The presence of a flashing LED suggests all is right with the world as far as the LFO goes, but lets verify that just to be sure. Set the speed for a medium rate; something that will allow you to see a rise and fall in voltage on your meter, but not too slow. Stick the probe from the meter on the wiper (middle lug) of the width control. As you rotate the width pot towards the LFO side (clockwise, I guess), the resulting voltage swing should be wider, and the Depth control will have little impact. Rotate it fully in the other direction, and what you should see is that speed has little or no impact and changes to the depth control should produce a different voltage at the wiper of the width pot.

Or at least that's how it should work. If it does, then we know it's not the sweep generation circuitry.

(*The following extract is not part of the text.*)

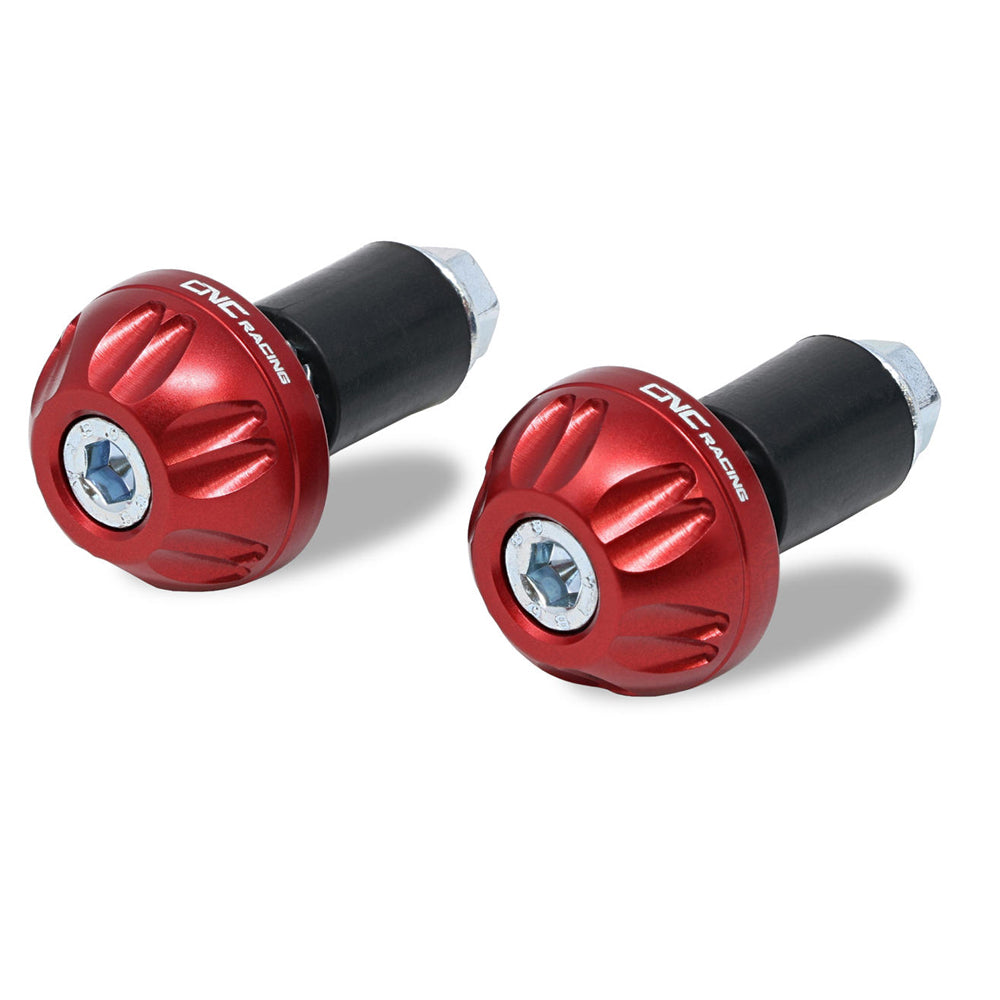 CNC Racing Handlebar Ends Blaze - Shop name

If I might suggest one thing, it would be to get yourself some methyl hydrate (paint thinner), some cotton-tipped swabs, and get rid of that flux surrounding all the relevant joints so you can see stuff more clearly. The methyl hydrate will dissolve the flux quickly, and you can clean up the board easily.

Finally, the 120pf cap in the corner of the copper side of the board is part of the HF clock circuit. Is it possible that one of the leads of what is clearly a bent cap is touching something it shouldn't be?

Your clock signal is not something to measure with a meter. it is a string of pulses. Scope it. Even with a volt meter, it seems like the clock pulses would register as the meter reading bumping at the speed of the LED blink

OK. Well I don't have an O-Scope so how would I do it with a VOM? What would I need to look for?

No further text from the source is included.